Comment by mschuster91
16 hours ago
> But we had successful global networks before the Internet (the PSTN, telegraph)
These were ripe with espionage, wiretapping and sabotage. Access to it used to be highly restricted as well, up until the 90s for example you were only allowed to connect government-licensed modems to the German PSTN directly.
> These were ripe with espionage, wiretapping and sabotage.
Just like today's Internet. BGP spoofing, CALEA, DDoS.
> Access to it used to be highly restricted as well ...
And this is where the regression or "downfall" is beginning. Access to the Internet (as in ability to send/receive arbitrary data to the wider Internet) is something I bet is going to be increasingly restricted, but most people won't notice because they don't understand the difference between apps and the Internet.

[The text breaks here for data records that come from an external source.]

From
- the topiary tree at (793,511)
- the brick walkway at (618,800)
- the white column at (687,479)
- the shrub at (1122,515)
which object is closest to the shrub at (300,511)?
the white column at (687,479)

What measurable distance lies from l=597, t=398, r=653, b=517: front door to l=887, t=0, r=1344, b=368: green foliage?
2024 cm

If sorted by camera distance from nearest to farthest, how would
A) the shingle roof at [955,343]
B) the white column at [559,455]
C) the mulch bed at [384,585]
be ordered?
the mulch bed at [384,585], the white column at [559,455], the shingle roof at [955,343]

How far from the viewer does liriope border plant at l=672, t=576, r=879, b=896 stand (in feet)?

I'd be surprised if direct access to the Internet is possible for consumers in the next 10 years. Everything will have to be through approved apps (age assurance is going to be the catalyst) that work over registered tunnels contracted through ISPs, if there isn't an outright blurring or merger between the concepts of phone/CPE, ISP and CDN. Your non-tech layperson will not know any difference whatsoever if all they use are their phone plan, streaming/banking apps and Facebook.
Surely this was simply the nature of Deutsche Bundespost / Deutsche Telekom? Like, of course you had to use hardware they had approved to connect to their network.
This was the same in many places. The cost of hardware and connection time limited connections, and no one had cryptography except the government and ultra nerds.
There was also no way for a normal person to easily and cheaply communicate with 20 million people in realtime.